In the past swimming was considered hazardous for reasons beyond the possibility drowning. Photograph: Paul Botes
At 2pm on Friday, hands on hearts, heads held high, the young lads and lasses of Team South Africa were to stand among the nations of sportsmen and women getting ready to represent their countries at the 2008 Beijing Olympics.
What you will notice is that Team South Africa is largely white. In fact the swimming team of 25 men and women, who carry our hopes in their strong arms and agile legs, will be completely white.
But hold on. Before you scream and get hot under the collar about another quintessentially South African racial argument, read on. And if your name is Butana Komphela, don’t start beating your chest and yelling ”I told you so” yet. And should Moss Mashishi, head of the South African Sports Confederation and Olympics Committee, manage to surmount the internet blackout in China and read this online through the polluting fog of Beijing, he can also relax. I am not about to attack him and his committee ”of Indians and coloureds that knows nothing about transformation”.
Blaming others for why black people don’t swim is unfair. The blame lies with my mother. Yes, you heard right. Mrs Mabote snr, and many of her ilk, determined many years ago that today at the Beijing National Stadium, there would be no people of darker hue representing this country of 35-million black people in aquatic sport.
As a youngster, my mom, a hard-working labourer and a loving parent, forbade me from going to the local swimming pool. ”If I ever catch you going to the pool, I will beat the hell out of you. And if you drown, I’ll kill you,” mom instructed.
To many darkies, drowning did not necessarily mean dying, it could also mean being overcome by water and imbibing a few gallons before being rescued.
And for years I obeyed her. It was not the possibility of dying and leaving my mom in sorrow that terrified me. It was just being caught and being beaten — probably by using a wet cloth on my limp body with all the neighbourhood girls watching — that scared the living daylights out of me.
Even sadder is that I was disallowed a rare privilege during the days when, thanks to apartheid, few black people had access to public pools.

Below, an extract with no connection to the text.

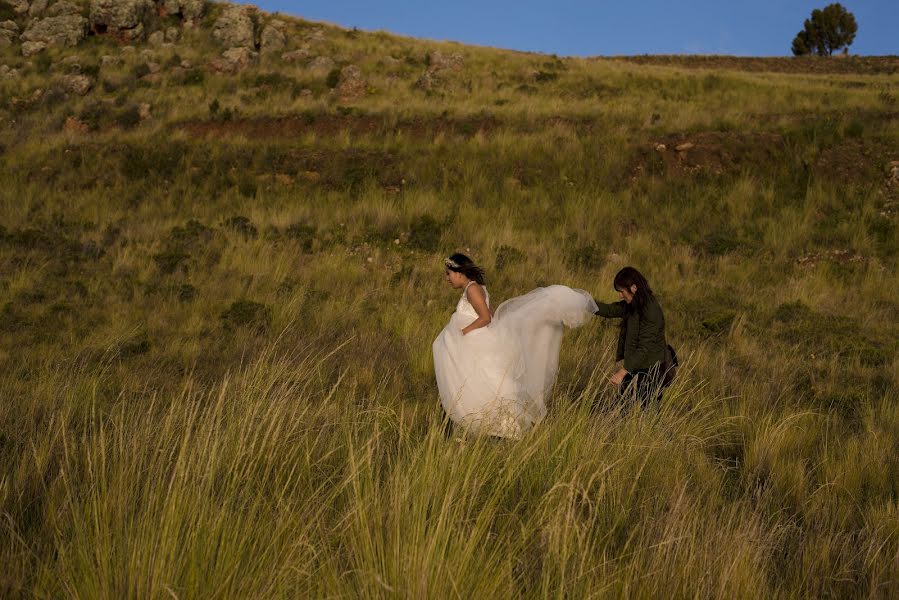 Fotógrafo de bodas Sergio Echazú (sergioechazu). Foto del 13 de agosto 2020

Dobsonville in Soweto had its own pool. Growing up there in the 1970s and 1980s was a relative luxury. Unlike other parts of Soweto, Dobsonville had it all: swimming pool, fully fledged cinema (not some dingy hall will black refuse bags as curtains), post office, football stadium, tennis and volleyball courts and even our own graveyards. If you were born in Dobsonville, you had no reason to leave Dobsonville for recreation. To rub in how special we were, Dobsonville was always electrified, unlike the rest of Soweto which only got lit up in the mid-1980s.
But my mom wasn’t bothered by any of this. Helping her was a legendary figure called Mbesha. Mbesha and his friends, from a notorious street in Dobsonville, were early-day Robin Hoods. Lurking on street corners, Mbesha and his cohorts would accost those leaving the pool and steal their clothes and whatever little money they had left. It would have been one thing to defy mom and go swimming behind her back, but the shame of losing my clothes to Mbesha, I was not willing to face. That would mean double punishment back home. And, Mr Komphela, as you can gather, neither my mom nor Mbesha were Indian or coloured.
The personnel at the swimming pool were not helpful either. The hordes of children who went — those whose mothers didn’t mind them drowning — would be ill-treated just to get five minutes in the 50x10m pool.
You would have to dump all your belongings in a smelly locker area before jumping in, with only a bottle top as your token signalling that you had something to retrieve later. More often than not, these dareÂdevils who were not afraid of drowning or scared of their mothers, lost their belongings. The less said about how literally dozens of kids would be allowed all at once into the pool — boys and girls at the same time — the better. There is a study to be made about the origin of the sexual crimes we experience today.
Years later, when I went to live in Cape Town, the darkies from Gugulethu and Langa didn’t advance my swimming ambitions either. On numerous trips to the beach everyone would be dressed to the nines and we would spend the whole afternoon drinking and eating on the concrete side of the beach. Nobody put a toe in the sea.
It was much later in life that I finally learned how to swim. A girl I badly wanted stood at one end of a pool and told me to swim to her ”if you really want me”.
The rest is history. I can swim only a short distance under water (preferably with a girl on the other side) but I, and many others like me, am not Olympic material.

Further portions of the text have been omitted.